Dr. Michele is the John A Jacquez Professor and Chair of the Department of Molecular & Integrative Physiology and also Professor of Internal Medicine Cardiology. He received his PhD from the University of Michigan under the mentorship of Dr. Joseph Metzger, and then trained as a postdoctoral fellow with Dr. Kevin Campbell at the University of Iowa. Dr. Michele was a recruited as Assistant Professor to the University of Michigan in 2004 and was named a Biological Science Scholar. After serving several educational and research leadership roles in the Department and withihn the Frankel Cardiovascular Center including Director of the Physiology Phenotyping Core, he was named the interim department chair in 2021 and following a national search was named Department Chair in 2023. He current serves as Director of the Physiology Phenotyping Core and on the leadership team for the Michigan Musculoskeletal Health Center funded by a NIAMS P30 grant. He serves on the editorial boards of JCI Insight and FEBS Journal, the scientific advisory board of the Muscular Dystrophy Association, and the Science Policy Committee for the American Physiological Society.

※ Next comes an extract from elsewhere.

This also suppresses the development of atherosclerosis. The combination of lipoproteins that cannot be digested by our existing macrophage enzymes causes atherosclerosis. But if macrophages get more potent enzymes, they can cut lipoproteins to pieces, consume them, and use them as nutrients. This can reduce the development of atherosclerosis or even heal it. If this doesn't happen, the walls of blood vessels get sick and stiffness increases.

The Michele laboratory is focused on the mechanisms of muscular dystrophy associated with mutations in the transmembrane dystrophin-glycoprotein complex. In addition to skeletal muscle disease, patients with muscular dystrophy often develop and succumb to cardiomyopathy. We are exploring disease mechanisms in vivo using gene targeted mouse models as well as human patient samples. To complement these approaches, cardiac muscle cells and isolated muscle tissues are used to study the cellular mechanisms of how loss of function of the dystrophin glycoprotein complex affects the mechanical stability and force transmission of muscle.

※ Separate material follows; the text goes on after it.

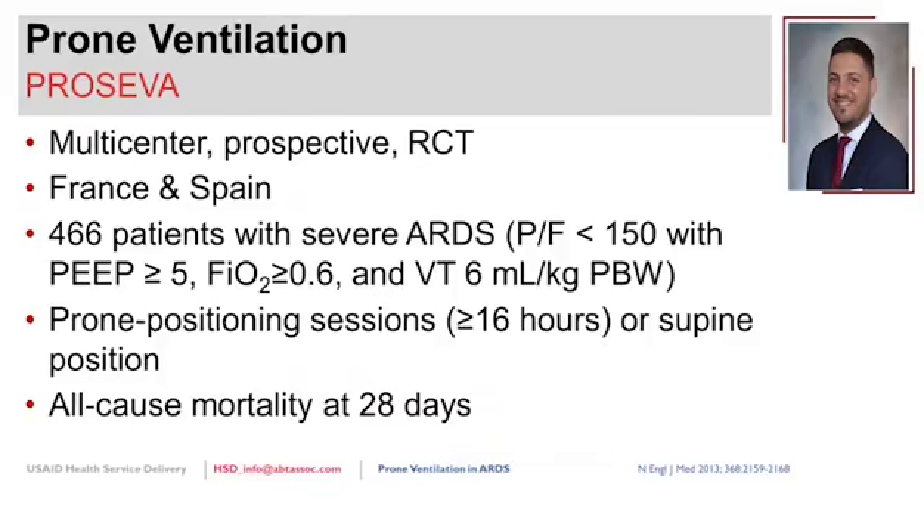The landmark study that placed prone ventilation in ARDS guidelines is the PROSEVA trial—a prospective, multicenter, randomized controlled trial in Spain and France. Patients with severe ARDS defined as a PF ratio less than 150, on at least PEEP of 5 and FIO2 of 60%, ventilated with low tidal volumes of 6 ml/kg, were randomized to prone position for at least 16 hours or supine. The primary outcome was all-cause mortality at 28 days.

One of the features of muscular dystrophy is profound muscle weakness and muscle fatigue. While muscle degeneration is clearly a significant contributor to muscle weakness, muscular dystrophy patients also experience abnormal blood flow to their muscles. When one exercises, muscle blood flow increases during exercise in the face of the high sympathetic nervous system activity due to a process called functional sympatholysis. During exercise, active muscle releases local vasodilator mediators, such as nitric oxide which locally vasodilate the vessels supplying muscle with blood flow. Little is known about how nitric oxide synthase is regulated by muscle contractions and if and how this regulation is disrupted in muscular dystrophies. Our work is to uncover these mechanisms to identify important targets for therapy.

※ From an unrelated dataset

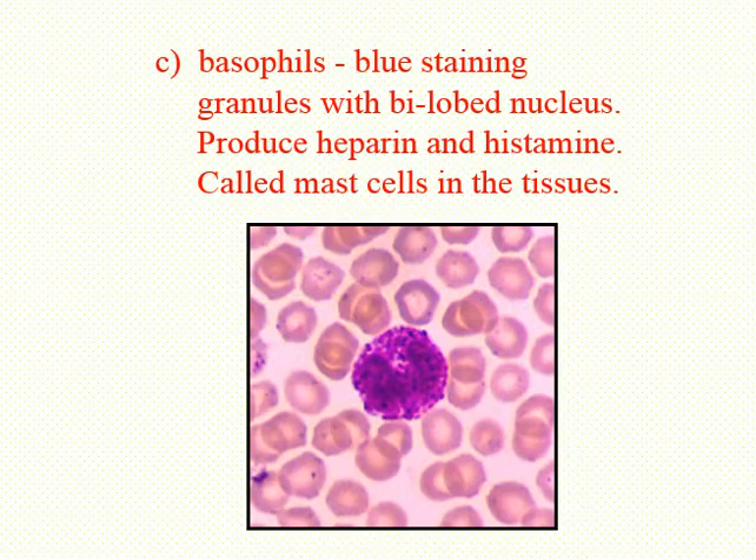Basophils like a blue stain, which stains their granules a nice purple-blue color. They typically have a bi-lobed nucleus. The basophils contain granules that have histamine and heparin — heparin is an anticoagulant, and histamine is involved in inflammation; it's what causes most of the inflammation. Basophils are also phagocytes, but they're mildly phagocytic. When basophils move out into your tissues, they become cells that we call mast cells.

Muscles from muscular dystrophy patients and mouse models with mutations in the dystrophin glycoprotein complex also show marked sensitivity to contraction induced injury. This is in part thought to be due to a structural role for the dystrophin-glycoprotein complex in stabilizing the sarcolemma during mechanical stress. Muscle has developed a remarkable ability to repair the sarcolemma after injury within seconds, a process that is mediated in part by the protein dysferlin. Dysferlin is mutated in patients with LGMD 2B and Myoshi myopathy. We have developed methodologies to watch the membrane repair pathway activation in real time using live cell microscopy and transgenic mice expressing GFP reporter constructs that show the localization and orientation of dysferlin in the muscle fiber membrane. We are utilizing these mice to study the mechanisms of how the membrane repair pathway is regulating following experimental and physiological muscle injury.